Problem statement: Would you retype exactly the lines below, from the one containing "a dog playing with furryfolks egg toy" through the end of the entries, both ends included, but not the pictures?

Records provided:

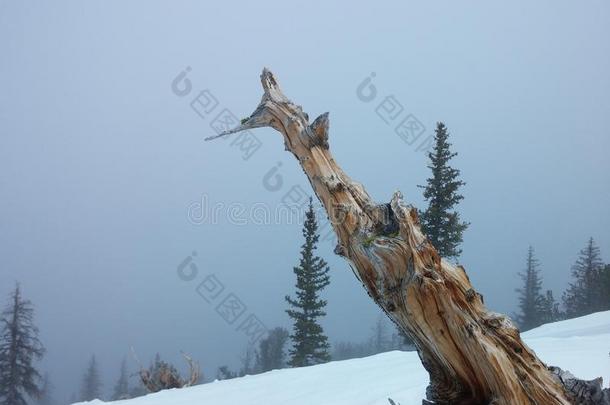 雪中石化的木头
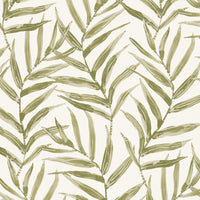 Pure Edit Ki Kale Fabric PEF100028.23.0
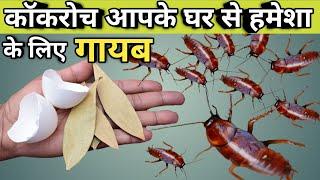 घर में छिपे कॉकरोच से छुटकारा पाने के आसान घरेलू उपाय/ Get Rid of Cockroach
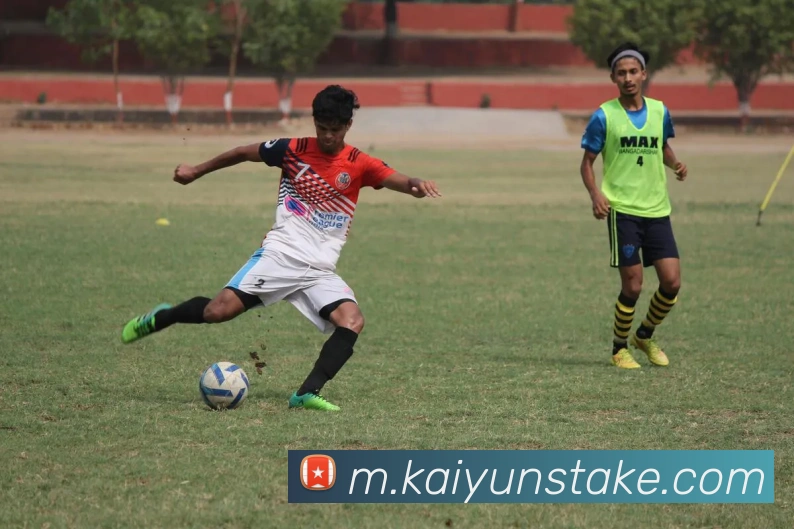 开云体育APP 封面图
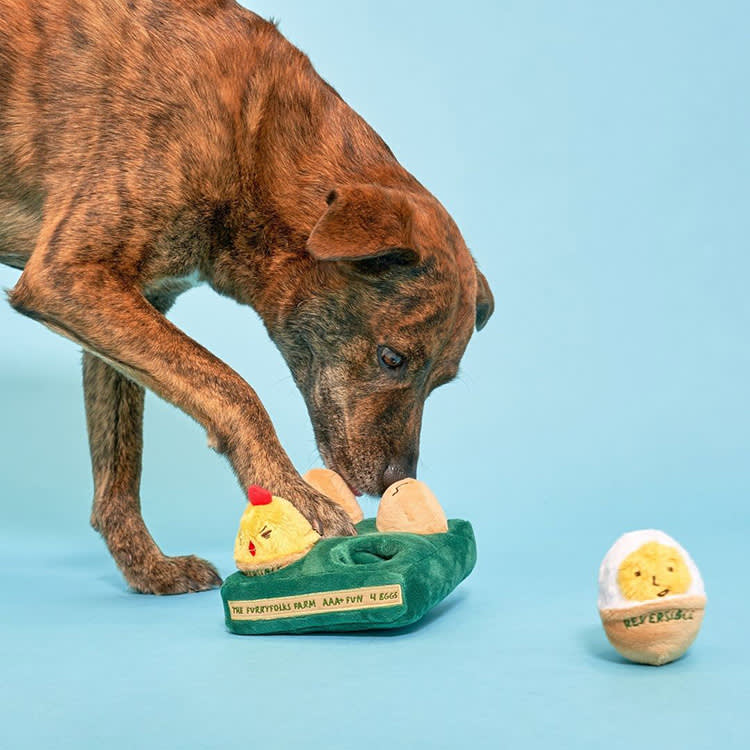 a dog playing with furryfolks egg toy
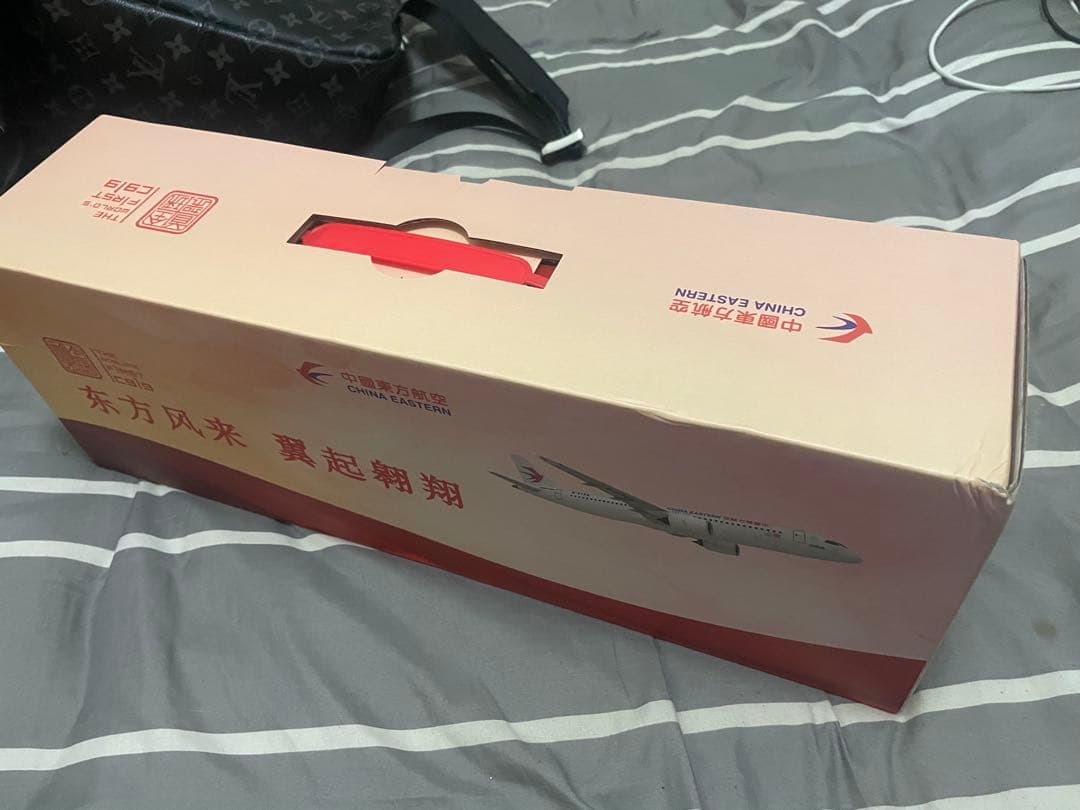 お*ん様 【希少品】C919 1/100 世界初の中国産旅客機 37cm 金属製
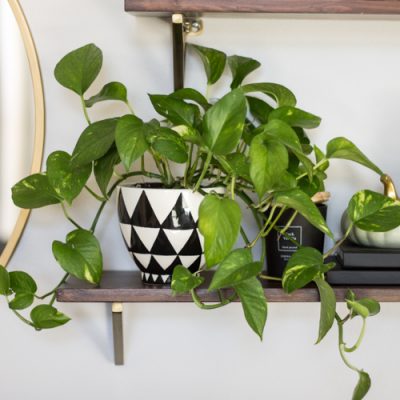 A common houseplant, the pothos, on a shelf.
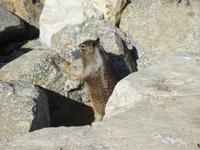 Pebble Beach - 17 Mile Drive
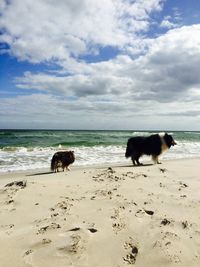 Dog on beach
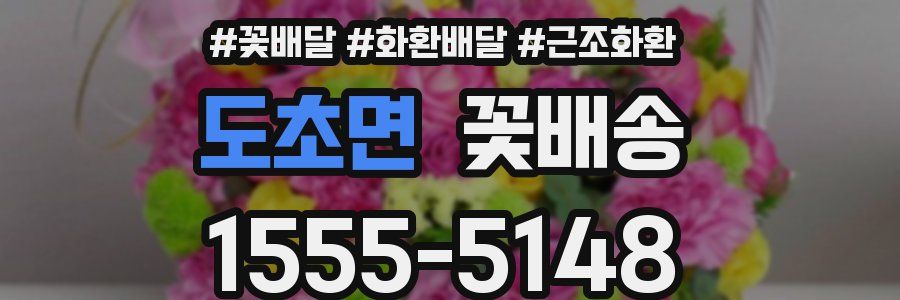 도초면 꽃배송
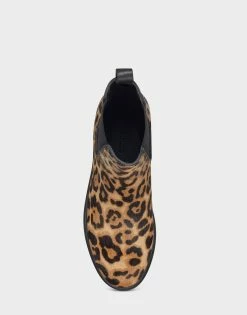 Aerosoles Women's Ankle Boot In Leopard -Aerosoles Shop Camila 978 04 1600x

Response to the exercise:
 a dog playing with furryfolks egg toy
 お*ん様 【希少品】C919 1/100 世界初の中国産旅客機 37cm 金属製
 A common houseplant, the pothos, on a shelf.
 Pebble Beach - 17 Mile Drive
 Dog on beach
 도초면 꽃배송
 Aerosoles Women's Ankle Boot In Leopard -Aerosoles Shop Camila 978 04 1600x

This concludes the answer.